# Equation homework problem

1. Jun 28, 2005

### stupidkid

PHP:
Solve for x:
x^2+x^2/(x+1)^2=3
I got the final equation but I am unable to get the it form there.
x^4-x^2+2x^3-6x-3=0

2. Jun 28, 2005

### cronxeh

I'm afraid there is no simple way to find x - you'll have to use numerical methods. You can find first 2 solutions by graphing this, and the last 2 are complex. I've enclosed the graph that should help you find where your roots are located for real numbers

Last edited: Oct 8, 2005
3. Jun 28, 2005

### Maxos

It is incorrect, there is a formula to solve algebraic eqations until the 4 grade.

I have links to italian pages, but, if you try you'll find something in english, too.

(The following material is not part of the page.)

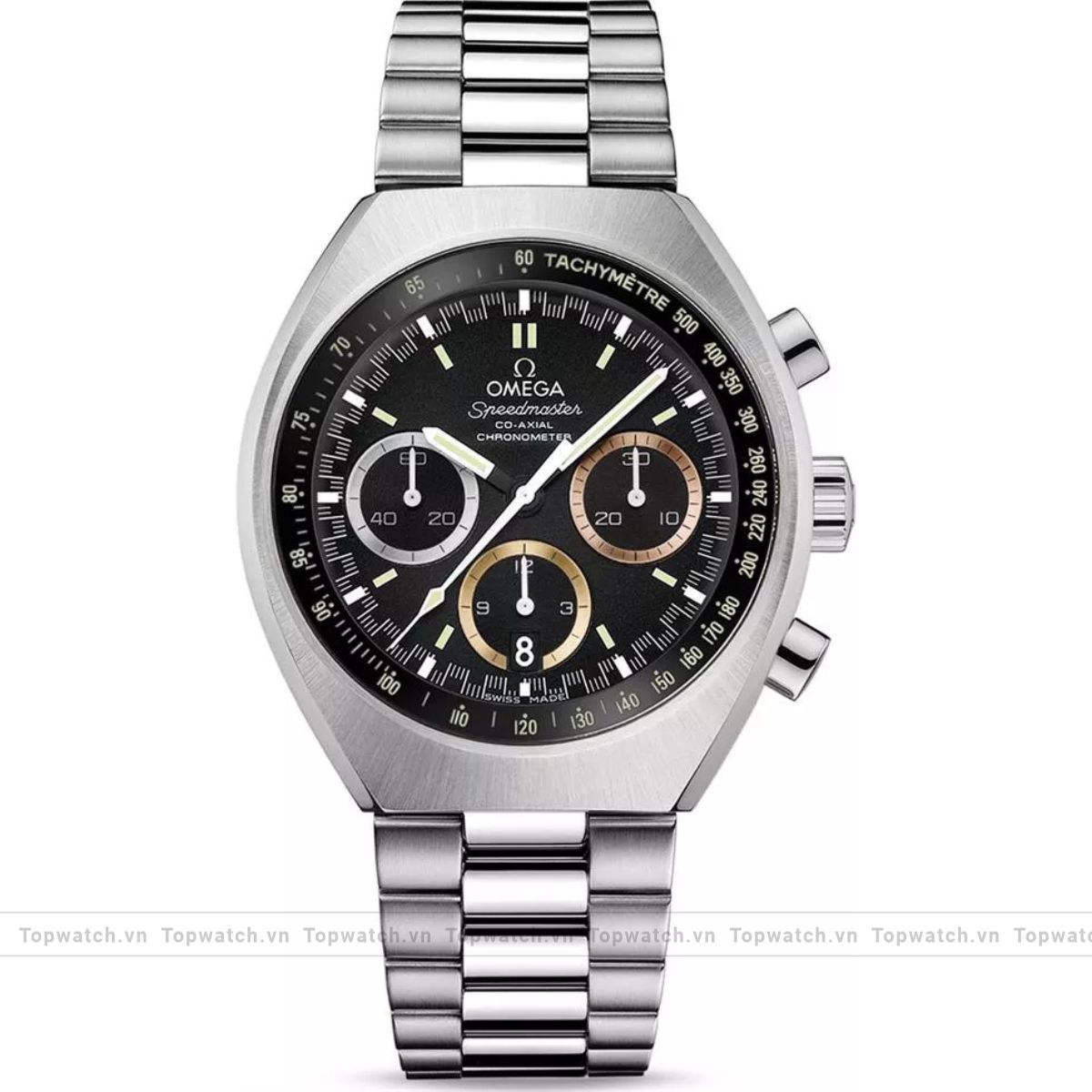 Omega Speedmaster 522.10.43.50.01.001 Rio 2016 Limited 42.4×46.2mm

The two real solutions are (1+-sqrt(5))/2

Last edited: Jun 28, 2005
4. Jun 28, 2005

### Popey

$$x^4+2x^3-x^2-6x-3 = (x^2-x+1)(x^2+3x+3)$$

The first has the solutions above
The second has no real solutions

5. Jun 28, 2005

### Maxos

You made a typo, $$x^4+2x^3-x^2-6x-3 = (x^2-x-1)(x^2+3x+3)$$

6. Jun 28, 2005

### Popey

Yes, of course!

it's $$x^2-x-1$$

7. Jun 29, 2005

### geniusprahar_21

there is another method to do it though using quadratic equations entirely.
use a2 + b2 = (a - b)2 + 2ab. then put x2/(x+1) = y

8. Jun 29, 2005

### stupidkid

Is there a actual way to solve these type of sums! PLS I NEED HELP I AM DUMB.

9. Jun 29, 2005

### saltydog

You know, there is a method for solving these "quartic" equations. It's messy and confussing though. I'll describe it in general terms; you can investigate it further if you wish. Consider the general case:

$$x^4+bx^3+cx^2+dx+e=0$$

We can make a substitution $x=y-\frac{1}{4}b$ to convert it to a "reduced quartic":

$$y^4+qy^2+ry+s=0$$

Can you make that substitution?

Now, assume the reduced quartic can be factored into two quadratics:

$$y^4+qy^2+ry+s=(y^2+2ky+l)(y^2-2ky+m)$$

where k,l, and m are to be determined. You can equate coefficients of like powers and end up with two equations for l and m in terms of k. Upon making some additional substitutions you'll end up with a sixth-degree polynomial called the "resolvent cubic":

$$64k^6+32qk^4+4(q^2-4s)k^2-r^2=0$$

This resolvent cubic is actually a cubic equation in $k^2$. Now, you can use the method, equally messy, to solve for a general cubic equation for [itex]k^2[/tex] and then use one value of k to determine l and m, then the quadratics above.

You're thinking now, "forget that dude, I'll just plug it into Mathematica and call it done".